◆ Work to complete
The whole listing is to be written out again exactly; the pictures are not.

◆ Data excerpt

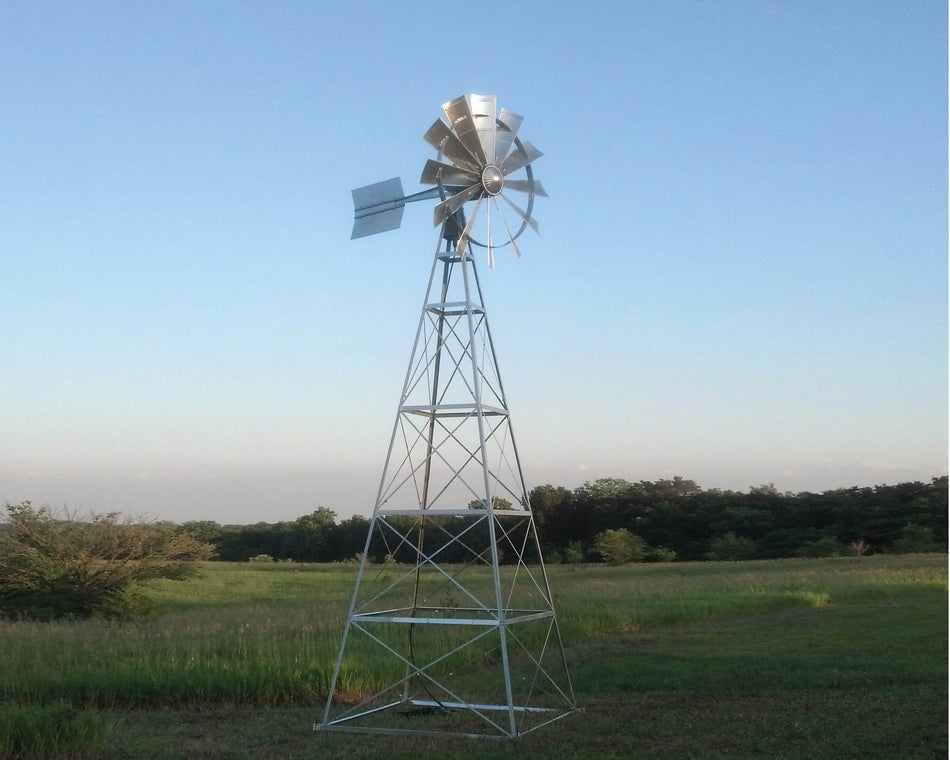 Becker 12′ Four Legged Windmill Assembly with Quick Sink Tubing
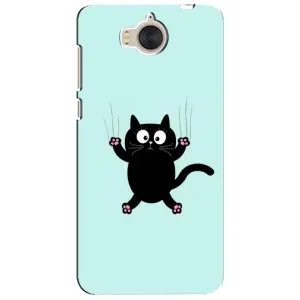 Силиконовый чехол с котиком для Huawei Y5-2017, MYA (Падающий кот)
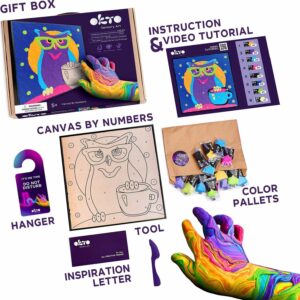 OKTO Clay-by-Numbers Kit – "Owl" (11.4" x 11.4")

◆ Exercise solution
 Becker 12′ Four Legged Windmill Assembly with Quick Sink Tubing
 Силиконовый чехол с котиком для Huawei Y5-2017, MYA (Падающий кот)
 OKTO Clay-by-Numbers Kit – "Owl" (11.4" x 11.4")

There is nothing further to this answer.